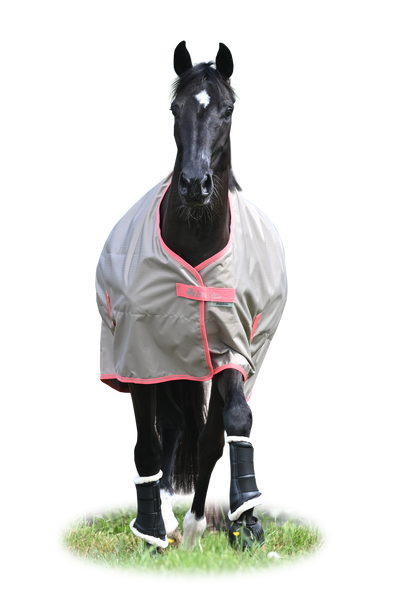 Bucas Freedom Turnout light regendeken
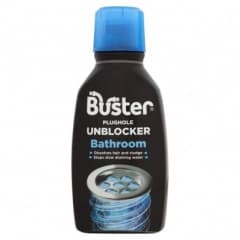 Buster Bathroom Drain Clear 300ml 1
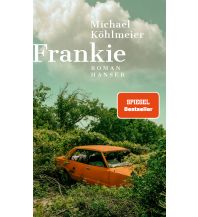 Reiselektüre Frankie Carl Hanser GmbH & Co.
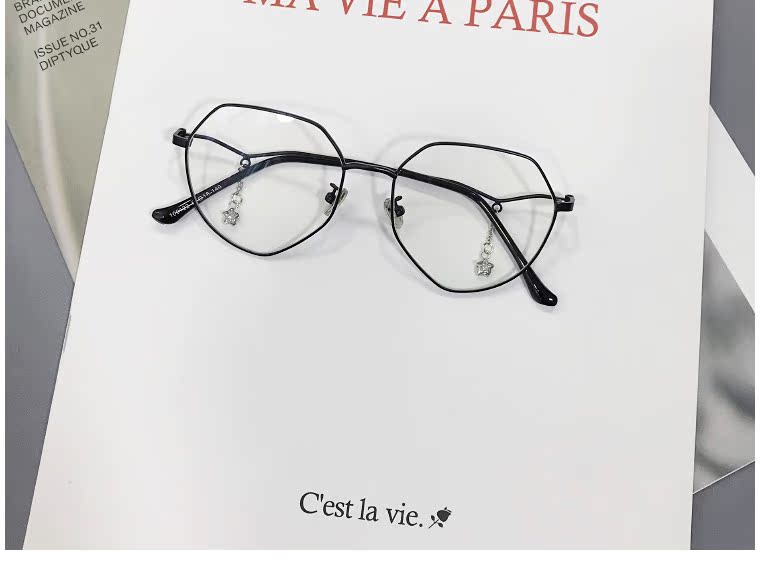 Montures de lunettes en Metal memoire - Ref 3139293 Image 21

==

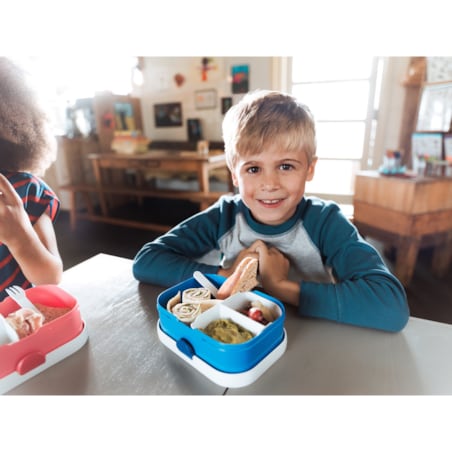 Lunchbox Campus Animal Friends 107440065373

● **WORK INSTRUCTION**
Give back exactly the lines of the listing above from the one that contains "Buster Bathroom Drain Clear 300ml 1" up to and including the one that contains "Montures de lunettes", but not the pictures, and no other lines.

● **YOUR SOLUTION**
 Buster Bathroom Drain Clear 300ml 1
 Reiselektüre Frankie Carl Hanser GmbH & Co.
 Montures de lunettes en Metal memoire - Ref 3139293 Image 21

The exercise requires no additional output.